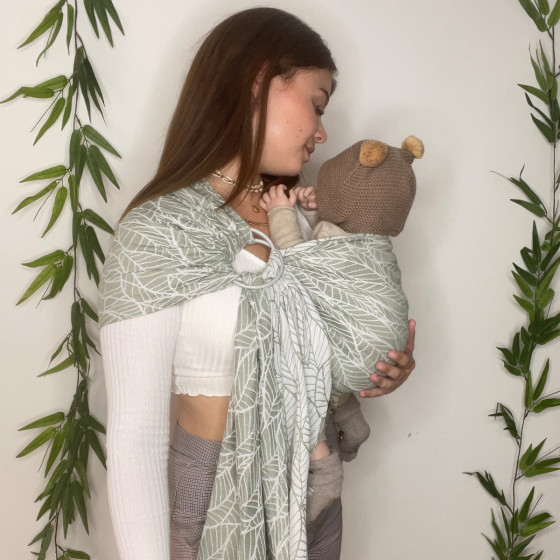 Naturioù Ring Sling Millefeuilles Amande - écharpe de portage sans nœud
——————
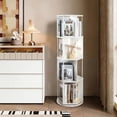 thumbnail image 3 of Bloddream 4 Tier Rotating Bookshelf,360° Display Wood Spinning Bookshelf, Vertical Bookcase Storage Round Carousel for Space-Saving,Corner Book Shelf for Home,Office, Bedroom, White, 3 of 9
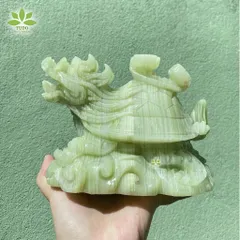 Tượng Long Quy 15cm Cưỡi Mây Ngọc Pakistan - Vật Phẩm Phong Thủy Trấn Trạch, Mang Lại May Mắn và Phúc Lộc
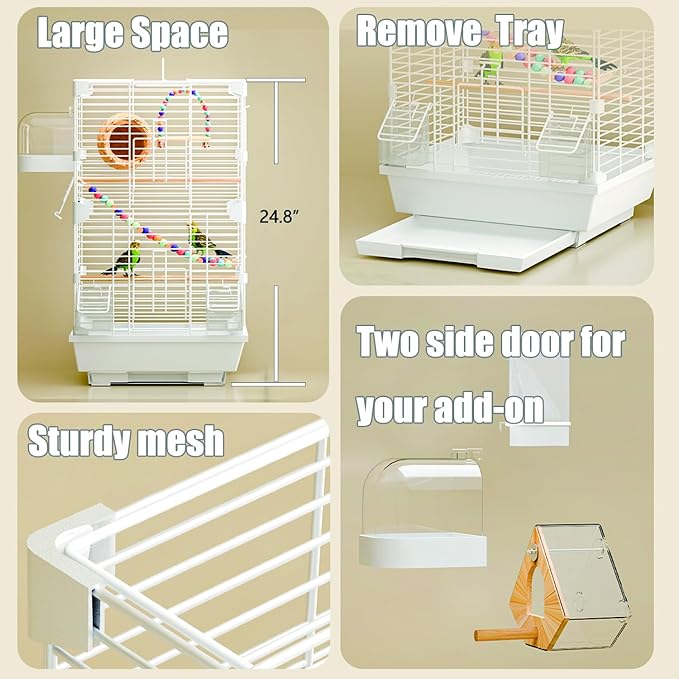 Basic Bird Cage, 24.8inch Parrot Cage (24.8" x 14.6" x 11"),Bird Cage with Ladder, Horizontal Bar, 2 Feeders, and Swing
——————
- _WHAT TO DO_
Take the entries above and copy exactly the lines starting at the one with "Tượng Long Quy" and ending at the one with "Basic Bird Cage, 24.8inch"; nothing outside that span, and no pictures.

- _EXERCISE SOLUTION_
 Tượng Long Quy 15cm Cưỡi Mây Ngọc Pakistan - Vật Phẩm Phong Thủy Trấn Trạch, Mang Lại May Mắn và Phúc Lộc
 Basic Bird Cage, 24.8inch Parrot Cage (24.8" x 14.6" x 11"),Bird Cage with Ladder, Horizontal Bar, 2 Feeders, and Swing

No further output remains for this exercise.